▸ **Your task**
The lines to return are those below that contain the word "Breakfast".

Items from a data source
-=-=-=-=-
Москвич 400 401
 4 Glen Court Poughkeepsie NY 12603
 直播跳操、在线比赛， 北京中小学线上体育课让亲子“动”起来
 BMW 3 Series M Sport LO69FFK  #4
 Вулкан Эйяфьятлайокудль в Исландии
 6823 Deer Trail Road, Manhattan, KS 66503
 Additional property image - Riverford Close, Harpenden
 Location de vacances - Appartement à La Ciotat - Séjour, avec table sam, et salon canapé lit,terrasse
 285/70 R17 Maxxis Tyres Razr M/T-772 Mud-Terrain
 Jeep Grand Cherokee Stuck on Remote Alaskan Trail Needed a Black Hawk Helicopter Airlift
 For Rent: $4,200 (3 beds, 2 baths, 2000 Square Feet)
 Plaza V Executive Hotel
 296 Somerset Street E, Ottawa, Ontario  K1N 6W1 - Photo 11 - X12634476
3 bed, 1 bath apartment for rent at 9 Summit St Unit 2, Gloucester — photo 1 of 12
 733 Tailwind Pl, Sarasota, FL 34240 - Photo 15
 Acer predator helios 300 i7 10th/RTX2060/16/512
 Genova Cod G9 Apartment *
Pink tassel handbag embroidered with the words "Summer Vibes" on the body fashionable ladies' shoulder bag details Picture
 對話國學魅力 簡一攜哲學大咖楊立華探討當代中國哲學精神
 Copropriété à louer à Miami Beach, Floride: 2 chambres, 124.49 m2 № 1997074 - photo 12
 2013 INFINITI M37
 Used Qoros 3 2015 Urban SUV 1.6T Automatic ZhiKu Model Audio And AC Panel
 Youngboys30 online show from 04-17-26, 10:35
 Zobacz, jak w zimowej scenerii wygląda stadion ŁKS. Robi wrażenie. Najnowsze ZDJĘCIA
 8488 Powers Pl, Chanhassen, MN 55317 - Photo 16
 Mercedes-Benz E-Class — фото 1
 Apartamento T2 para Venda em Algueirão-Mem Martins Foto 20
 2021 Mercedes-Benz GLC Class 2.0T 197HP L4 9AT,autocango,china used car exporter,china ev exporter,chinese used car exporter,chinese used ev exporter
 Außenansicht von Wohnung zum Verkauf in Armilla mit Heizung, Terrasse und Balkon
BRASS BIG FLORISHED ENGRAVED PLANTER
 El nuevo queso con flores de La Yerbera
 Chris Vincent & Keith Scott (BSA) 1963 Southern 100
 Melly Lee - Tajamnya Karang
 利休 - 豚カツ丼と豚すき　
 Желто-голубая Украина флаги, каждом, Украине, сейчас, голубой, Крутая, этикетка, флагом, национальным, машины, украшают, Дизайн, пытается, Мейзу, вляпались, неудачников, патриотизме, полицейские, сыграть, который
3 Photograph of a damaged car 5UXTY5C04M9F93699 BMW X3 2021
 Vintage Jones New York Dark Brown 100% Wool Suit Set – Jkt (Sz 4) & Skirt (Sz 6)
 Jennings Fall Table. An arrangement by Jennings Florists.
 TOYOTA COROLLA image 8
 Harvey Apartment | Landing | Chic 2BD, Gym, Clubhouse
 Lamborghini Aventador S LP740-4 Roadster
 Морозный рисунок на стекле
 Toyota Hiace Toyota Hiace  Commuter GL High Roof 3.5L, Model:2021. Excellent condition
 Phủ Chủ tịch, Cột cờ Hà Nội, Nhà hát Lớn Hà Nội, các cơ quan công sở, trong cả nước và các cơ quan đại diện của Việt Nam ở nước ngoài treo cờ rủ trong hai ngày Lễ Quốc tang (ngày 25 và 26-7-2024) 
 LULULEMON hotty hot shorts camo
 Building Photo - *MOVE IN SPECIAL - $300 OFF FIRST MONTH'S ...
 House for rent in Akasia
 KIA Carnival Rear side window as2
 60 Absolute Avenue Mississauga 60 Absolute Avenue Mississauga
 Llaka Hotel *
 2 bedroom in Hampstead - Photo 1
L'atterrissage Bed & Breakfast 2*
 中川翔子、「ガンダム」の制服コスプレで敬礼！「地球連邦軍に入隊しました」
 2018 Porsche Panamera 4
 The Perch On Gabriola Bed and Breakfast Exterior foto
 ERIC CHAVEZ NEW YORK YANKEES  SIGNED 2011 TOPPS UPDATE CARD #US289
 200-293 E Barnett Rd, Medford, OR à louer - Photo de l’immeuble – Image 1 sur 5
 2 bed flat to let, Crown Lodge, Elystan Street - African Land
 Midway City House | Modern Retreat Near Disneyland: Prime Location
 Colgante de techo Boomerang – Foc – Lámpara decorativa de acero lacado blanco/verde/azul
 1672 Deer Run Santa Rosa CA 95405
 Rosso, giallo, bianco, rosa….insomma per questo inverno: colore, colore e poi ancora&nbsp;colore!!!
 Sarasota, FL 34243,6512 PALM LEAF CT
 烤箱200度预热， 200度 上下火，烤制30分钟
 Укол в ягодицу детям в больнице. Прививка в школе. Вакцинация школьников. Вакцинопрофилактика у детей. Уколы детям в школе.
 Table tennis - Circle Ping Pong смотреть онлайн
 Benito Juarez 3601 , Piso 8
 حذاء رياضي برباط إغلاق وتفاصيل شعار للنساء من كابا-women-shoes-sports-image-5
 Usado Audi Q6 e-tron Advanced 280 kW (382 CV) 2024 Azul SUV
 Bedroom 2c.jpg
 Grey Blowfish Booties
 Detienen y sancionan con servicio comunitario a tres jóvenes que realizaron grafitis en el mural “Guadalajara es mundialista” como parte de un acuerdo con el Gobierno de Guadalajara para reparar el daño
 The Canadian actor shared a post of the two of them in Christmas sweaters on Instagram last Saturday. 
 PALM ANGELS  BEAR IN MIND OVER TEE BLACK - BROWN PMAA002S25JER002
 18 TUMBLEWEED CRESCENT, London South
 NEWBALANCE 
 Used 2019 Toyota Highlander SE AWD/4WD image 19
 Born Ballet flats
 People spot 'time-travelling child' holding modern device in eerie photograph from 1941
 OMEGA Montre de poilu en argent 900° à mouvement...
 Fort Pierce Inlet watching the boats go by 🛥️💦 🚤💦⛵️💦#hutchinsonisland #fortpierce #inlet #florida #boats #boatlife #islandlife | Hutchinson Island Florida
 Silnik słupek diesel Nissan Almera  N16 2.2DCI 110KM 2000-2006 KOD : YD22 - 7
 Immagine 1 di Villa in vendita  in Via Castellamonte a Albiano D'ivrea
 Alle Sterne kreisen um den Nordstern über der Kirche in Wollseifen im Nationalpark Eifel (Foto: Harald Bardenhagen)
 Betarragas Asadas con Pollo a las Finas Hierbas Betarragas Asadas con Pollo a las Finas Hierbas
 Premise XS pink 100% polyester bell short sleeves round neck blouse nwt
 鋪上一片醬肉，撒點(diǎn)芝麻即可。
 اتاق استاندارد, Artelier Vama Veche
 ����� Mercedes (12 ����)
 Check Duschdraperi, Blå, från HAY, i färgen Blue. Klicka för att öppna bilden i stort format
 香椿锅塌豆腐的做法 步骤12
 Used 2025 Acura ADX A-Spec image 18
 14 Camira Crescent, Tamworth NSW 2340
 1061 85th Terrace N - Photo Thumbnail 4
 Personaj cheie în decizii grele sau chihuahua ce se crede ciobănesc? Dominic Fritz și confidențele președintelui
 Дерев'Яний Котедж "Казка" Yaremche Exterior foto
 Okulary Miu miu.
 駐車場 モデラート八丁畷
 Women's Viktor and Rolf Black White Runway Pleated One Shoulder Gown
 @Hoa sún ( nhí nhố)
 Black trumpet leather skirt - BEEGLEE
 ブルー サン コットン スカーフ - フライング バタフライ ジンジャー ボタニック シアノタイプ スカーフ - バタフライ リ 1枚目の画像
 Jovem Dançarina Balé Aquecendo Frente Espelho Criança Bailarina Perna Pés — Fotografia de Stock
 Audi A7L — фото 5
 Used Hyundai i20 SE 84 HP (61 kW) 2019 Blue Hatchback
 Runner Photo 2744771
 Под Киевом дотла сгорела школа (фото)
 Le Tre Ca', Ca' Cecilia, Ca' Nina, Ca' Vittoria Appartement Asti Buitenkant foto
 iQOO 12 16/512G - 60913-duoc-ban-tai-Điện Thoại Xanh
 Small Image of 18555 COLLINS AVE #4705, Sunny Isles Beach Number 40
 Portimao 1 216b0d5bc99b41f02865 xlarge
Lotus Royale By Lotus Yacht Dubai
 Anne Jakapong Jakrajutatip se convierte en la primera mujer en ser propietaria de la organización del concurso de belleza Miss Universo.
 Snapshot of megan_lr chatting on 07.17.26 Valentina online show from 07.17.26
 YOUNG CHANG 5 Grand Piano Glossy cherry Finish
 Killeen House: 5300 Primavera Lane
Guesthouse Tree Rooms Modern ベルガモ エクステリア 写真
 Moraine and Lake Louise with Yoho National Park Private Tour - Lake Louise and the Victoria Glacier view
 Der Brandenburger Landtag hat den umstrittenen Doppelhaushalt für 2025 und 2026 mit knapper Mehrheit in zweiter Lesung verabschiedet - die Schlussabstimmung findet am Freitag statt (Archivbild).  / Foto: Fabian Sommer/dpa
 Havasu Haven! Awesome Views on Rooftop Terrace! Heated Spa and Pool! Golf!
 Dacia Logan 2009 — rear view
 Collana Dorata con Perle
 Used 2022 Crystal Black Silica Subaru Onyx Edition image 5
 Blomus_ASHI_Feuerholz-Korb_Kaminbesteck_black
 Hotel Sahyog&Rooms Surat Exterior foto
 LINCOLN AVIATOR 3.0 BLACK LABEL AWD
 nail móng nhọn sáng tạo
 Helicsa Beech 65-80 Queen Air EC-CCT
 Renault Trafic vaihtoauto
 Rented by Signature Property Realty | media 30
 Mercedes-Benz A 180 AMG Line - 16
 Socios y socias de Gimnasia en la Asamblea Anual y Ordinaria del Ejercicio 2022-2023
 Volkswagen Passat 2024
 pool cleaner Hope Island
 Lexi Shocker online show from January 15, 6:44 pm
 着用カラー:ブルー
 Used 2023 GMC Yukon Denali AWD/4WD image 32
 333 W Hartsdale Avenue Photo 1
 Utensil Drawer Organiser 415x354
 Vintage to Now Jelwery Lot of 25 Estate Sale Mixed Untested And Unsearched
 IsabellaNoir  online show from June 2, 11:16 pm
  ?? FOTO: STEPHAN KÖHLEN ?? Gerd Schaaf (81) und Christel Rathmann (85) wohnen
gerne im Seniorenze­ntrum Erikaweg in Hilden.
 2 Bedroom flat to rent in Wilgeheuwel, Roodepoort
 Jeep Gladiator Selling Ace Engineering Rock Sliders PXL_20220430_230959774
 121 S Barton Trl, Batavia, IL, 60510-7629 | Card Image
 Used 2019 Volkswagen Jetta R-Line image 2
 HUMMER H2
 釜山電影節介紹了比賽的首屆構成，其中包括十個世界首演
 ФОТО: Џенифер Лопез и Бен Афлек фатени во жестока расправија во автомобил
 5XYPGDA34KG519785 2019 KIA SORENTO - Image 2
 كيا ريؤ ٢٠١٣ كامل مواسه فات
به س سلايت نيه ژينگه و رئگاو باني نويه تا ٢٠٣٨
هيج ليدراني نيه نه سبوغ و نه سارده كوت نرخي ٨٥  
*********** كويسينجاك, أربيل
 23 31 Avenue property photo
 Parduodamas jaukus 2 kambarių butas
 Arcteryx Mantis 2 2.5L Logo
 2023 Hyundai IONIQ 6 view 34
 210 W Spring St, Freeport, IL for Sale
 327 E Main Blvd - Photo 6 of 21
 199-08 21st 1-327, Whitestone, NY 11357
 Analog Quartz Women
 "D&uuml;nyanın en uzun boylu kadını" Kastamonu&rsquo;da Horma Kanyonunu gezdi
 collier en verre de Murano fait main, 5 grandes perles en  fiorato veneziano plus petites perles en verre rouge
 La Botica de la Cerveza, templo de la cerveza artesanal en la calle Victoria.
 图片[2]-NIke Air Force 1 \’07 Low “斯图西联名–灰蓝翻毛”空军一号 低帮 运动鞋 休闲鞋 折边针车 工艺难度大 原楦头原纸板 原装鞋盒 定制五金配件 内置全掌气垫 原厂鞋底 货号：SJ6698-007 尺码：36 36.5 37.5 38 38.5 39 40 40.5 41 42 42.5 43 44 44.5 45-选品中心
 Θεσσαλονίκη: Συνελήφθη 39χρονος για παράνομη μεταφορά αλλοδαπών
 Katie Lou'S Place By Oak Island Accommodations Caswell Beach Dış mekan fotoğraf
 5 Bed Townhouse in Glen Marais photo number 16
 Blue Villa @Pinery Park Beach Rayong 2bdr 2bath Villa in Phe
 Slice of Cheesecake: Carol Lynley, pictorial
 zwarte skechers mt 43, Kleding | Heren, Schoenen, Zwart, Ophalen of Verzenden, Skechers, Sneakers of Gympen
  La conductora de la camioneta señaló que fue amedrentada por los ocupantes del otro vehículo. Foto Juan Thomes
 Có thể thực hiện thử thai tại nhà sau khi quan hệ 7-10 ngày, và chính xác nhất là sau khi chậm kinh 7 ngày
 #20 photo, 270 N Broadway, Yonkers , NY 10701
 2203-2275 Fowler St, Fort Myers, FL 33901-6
-=-=-=-=-
▸ **Exercise response**
L'atterrissage Bed & Breakfast 2*
 The Perch On Gabriola Bed and Breakfast Exterior foto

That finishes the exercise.